# About this task
Copy out all lines in the data below containing the string "Media".
▼
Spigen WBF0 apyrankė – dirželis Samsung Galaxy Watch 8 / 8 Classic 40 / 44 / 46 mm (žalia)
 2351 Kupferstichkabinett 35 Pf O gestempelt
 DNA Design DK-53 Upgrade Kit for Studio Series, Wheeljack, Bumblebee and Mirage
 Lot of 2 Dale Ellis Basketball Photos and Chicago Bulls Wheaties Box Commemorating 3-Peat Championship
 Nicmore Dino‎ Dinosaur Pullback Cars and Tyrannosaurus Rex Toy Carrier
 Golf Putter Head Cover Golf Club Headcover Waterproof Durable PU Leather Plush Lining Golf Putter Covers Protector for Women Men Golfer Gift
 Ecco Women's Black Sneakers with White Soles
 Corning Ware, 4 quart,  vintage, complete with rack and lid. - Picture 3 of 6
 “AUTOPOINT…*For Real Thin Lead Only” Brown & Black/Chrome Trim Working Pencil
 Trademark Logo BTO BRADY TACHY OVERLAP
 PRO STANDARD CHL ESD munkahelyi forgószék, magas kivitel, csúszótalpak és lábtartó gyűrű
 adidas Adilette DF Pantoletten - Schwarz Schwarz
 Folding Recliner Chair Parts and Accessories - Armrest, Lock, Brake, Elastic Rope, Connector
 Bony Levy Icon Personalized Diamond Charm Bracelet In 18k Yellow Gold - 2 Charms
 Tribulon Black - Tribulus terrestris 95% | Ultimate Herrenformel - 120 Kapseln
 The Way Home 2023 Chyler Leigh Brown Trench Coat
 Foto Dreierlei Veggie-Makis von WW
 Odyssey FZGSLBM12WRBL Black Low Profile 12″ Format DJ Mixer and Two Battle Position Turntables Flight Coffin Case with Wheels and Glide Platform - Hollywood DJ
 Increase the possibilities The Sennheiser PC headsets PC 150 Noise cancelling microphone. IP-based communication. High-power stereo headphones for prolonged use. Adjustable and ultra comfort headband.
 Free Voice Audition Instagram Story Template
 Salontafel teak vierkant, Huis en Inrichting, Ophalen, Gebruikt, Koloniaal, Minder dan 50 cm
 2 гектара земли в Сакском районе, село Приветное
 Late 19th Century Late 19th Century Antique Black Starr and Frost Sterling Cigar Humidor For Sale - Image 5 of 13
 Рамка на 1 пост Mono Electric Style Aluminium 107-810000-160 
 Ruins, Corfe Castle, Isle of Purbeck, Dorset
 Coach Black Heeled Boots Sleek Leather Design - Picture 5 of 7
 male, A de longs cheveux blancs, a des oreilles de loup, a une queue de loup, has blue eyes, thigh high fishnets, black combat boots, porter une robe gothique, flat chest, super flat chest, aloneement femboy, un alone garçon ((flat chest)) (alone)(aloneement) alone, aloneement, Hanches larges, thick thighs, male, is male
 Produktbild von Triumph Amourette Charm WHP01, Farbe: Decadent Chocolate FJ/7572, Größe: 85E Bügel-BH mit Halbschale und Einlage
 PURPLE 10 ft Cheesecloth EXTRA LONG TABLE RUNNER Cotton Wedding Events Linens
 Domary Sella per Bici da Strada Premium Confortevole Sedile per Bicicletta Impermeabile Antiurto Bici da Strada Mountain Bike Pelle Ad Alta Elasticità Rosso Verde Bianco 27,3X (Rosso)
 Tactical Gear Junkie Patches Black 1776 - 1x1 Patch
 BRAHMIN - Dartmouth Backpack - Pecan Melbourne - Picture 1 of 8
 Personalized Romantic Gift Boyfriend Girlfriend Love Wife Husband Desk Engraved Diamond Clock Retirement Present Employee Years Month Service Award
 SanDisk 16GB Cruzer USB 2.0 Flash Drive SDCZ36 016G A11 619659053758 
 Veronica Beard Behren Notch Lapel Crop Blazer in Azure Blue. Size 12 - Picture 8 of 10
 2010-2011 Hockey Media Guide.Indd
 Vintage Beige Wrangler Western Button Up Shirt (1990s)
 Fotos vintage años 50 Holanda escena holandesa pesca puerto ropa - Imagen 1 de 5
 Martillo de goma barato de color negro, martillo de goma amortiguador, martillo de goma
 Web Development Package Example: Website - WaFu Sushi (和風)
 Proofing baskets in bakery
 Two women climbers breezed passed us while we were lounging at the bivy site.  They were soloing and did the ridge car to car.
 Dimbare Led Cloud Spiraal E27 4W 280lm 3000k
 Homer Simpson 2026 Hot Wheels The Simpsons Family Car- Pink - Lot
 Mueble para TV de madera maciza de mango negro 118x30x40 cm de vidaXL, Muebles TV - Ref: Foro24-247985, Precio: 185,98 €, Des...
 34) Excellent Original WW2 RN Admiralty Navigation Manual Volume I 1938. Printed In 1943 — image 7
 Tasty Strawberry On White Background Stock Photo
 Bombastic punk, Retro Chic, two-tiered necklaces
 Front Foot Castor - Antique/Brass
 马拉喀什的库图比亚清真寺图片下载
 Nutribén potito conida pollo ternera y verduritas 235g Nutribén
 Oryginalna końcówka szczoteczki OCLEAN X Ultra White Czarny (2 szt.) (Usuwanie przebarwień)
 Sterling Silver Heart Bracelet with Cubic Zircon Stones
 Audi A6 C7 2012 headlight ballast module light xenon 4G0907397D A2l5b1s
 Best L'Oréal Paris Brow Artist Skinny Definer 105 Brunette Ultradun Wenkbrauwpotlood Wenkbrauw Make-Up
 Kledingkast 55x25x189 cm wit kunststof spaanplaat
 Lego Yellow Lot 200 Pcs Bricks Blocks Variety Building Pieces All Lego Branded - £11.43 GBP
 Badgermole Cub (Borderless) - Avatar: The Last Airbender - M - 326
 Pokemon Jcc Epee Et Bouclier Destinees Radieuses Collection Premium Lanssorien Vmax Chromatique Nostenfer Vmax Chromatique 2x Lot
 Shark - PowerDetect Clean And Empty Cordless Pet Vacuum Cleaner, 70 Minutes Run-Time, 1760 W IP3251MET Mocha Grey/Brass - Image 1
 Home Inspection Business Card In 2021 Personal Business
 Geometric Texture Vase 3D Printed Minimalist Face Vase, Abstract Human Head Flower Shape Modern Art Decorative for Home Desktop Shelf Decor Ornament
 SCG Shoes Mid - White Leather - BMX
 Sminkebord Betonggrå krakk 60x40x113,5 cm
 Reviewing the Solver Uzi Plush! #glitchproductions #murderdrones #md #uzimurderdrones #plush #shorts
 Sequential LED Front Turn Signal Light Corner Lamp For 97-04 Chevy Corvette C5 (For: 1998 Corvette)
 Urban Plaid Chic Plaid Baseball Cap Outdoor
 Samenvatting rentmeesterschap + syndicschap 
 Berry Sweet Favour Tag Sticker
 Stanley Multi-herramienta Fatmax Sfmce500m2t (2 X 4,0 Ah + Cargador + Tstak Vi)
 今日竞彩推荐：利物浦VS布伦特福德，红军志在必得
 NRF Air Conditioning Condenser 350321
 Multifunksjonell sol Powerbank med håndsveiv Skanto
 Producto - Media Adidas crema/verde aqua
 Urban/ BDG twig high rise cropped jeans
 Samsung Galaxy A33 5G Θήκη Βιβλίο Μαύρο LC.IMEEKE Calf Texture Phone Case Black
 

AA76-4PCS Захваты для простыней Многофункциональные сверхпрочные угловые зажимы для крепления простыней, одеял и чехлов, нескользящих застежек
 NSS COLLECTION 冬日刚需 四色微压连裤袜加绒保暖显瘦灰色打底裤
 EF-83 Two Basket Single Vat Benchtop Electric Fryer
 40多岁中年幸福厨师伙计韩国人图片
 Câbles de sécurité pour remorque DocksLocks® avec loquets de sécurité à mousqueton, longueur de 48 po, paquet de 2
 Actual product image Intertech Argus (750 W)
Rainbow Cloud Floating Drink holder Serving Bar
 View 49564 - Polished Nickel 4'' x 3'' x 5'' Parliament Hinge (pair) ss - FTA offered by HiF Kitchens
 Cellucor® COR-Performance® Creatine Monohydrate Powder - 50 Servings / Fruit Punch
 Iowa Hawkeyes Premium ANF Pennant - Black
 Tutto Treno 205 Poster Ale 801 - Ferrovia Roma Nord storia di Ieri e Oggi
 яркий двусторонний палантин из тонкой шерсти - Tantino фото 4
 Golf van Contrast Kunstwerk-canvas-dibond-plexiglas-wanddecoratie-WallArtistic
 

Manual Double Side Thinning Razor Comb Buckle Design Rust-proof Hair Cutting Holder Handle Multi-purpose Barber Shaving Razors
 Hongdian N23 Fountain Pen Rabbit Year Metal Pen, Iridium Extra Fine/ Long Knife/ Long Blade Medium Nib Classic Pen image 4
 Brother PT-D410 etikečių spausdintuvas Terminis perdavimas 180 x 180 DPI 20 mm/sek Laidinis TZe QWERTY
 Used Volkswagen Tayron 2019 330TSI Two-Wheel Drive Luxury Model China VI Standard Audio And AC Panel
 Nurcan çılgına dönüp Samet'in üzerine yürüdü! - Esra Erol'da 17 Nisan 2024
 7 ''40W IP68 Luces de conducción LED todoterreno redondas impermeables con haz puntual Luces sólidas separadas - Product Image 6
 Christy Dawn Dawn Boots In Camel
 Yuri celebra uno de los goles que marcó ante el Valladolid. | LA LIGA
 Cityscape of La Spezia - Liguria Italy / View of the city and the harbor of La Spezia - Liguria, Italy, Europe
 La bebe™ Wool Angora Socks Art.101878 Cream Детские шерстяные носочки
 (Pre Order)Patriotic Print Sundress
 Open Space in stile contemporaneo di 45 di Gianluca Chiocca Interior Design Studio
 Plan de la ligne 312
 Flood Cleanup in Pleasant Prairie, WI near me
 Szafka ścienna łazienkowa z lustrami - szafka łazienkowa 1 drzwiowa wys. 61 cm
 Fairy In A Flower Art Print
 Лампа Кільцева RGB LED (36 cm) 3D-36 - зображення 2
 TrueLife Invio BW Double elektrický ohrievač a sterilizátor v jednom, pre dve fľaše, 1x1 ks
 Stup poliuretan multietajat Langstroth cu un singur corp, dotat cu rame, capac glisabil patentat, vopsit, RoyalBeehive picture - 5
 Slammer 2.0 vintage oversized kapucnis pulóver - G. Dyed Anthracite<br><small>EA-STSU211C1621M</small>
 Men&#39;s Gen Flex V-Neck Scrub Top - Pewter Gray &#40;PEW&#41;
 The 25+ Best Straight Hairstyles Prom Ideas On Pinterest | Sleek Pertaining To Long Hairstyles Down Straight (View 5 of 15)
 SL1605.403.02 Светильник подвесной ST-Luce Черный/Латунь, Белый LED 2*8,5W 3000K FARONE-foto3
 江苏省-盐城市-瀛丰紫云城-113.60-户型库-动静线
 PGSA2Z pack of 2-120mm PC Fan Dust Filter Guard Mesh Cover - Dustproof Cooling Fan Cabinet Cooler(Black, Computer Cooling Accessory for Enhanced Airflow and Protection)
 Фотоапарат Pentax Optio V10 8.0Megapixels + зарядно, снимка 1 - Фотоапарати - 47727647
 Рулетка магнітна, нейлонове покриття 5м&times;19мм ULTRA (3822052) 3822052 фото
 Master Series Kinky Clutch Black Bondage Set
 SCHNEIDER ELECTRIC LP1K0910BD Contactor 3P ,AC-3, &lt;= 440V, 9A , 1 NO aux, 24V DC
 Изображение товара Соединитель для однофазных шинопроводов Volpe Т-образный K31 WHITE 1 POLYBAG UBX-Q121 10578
▲
# Result
 2010-2011 Hockey Media Guide.Indd
 Producto - Media Adidas crema/verde aqua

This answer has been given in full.